This petition might open a crack in a door so far closed.  Once the door is cracked a little, it may be opened entirely.  I've signed the petition, I'd like to see all of us support it.


----------



## Louise (Aug 29, 2014)

Just a thought....... has anyone been arrested for wild camping? (Other than that of gypsy/travellers/potters, whatever term you want to use!)
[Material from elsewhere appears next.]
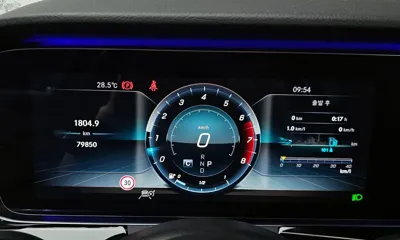Mercedes-Benz E-Class 2019, 79850 км, за 19209.47 USD - фото 8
Sorry if my spelling, grammar and punctuation is wrong!


----------



## Tezza (Aug 29, 2014)

Go away with you condescending attitude david...told you before ...you are no better than me or the 17 year old on the social...you might like to think so....but stood in a line naked...your just the same...a human being....no more ...no less....deal with it.


----------



## Tezza (Aug 29, 2014)

Just a bit fed up with your arrogance towards people who might not be as educated as you are...like i said..you might have a better education...but it doesnt make you a better person. Overgrown... edit ...grown up boy scout?????? Shame a lot of our youngster didnt join the cubs and scouts....it installs  good ethics int young people. Sadly something missing today and maybe a lot further back by the looks of it. . He is just a man doing his best to achieve what he thinks is needed. No need to knock his education or writing style. If you did that to most people on the forum ...there more than likely only be you left. Its not big and its not hard to knock people for trying to do their best.


----------



## Tezza (Aug 29, 2014)

Well im glad we agree on the boy scout thing. Where we dont agree is where somebody is doing his best...maybe his utmost to do something right...and not for himself....for others. Then praise should be given. Nobody can do more than their best. That is all you can ask of anybody.And your command of the english language is good David...so you could critique (?) in a much more sensitive way than most on here. I dont think the originator of the petition is a member but that doesnt mean we can just criticise so strongly. There are ways to say things nicely or downright rudely and you David have the skills to do either way.


----------



## Shockingdog (Aug 29, 2014)

Gayle said:


> LEGALISE WILD CAMPING IN THE UK - e-petitions
> 
> If anyone fancies signing it.



Done


----------



## Siimplyloco (Aug 29, 2014)

Louise said:


> Just a thought....... has anyone been arrested for wild camping? (Other than that of gypsy/travellers/potters, whatever term you want to use!)
> 
> Sorry if my spelling, grammar and punctuation is wrong!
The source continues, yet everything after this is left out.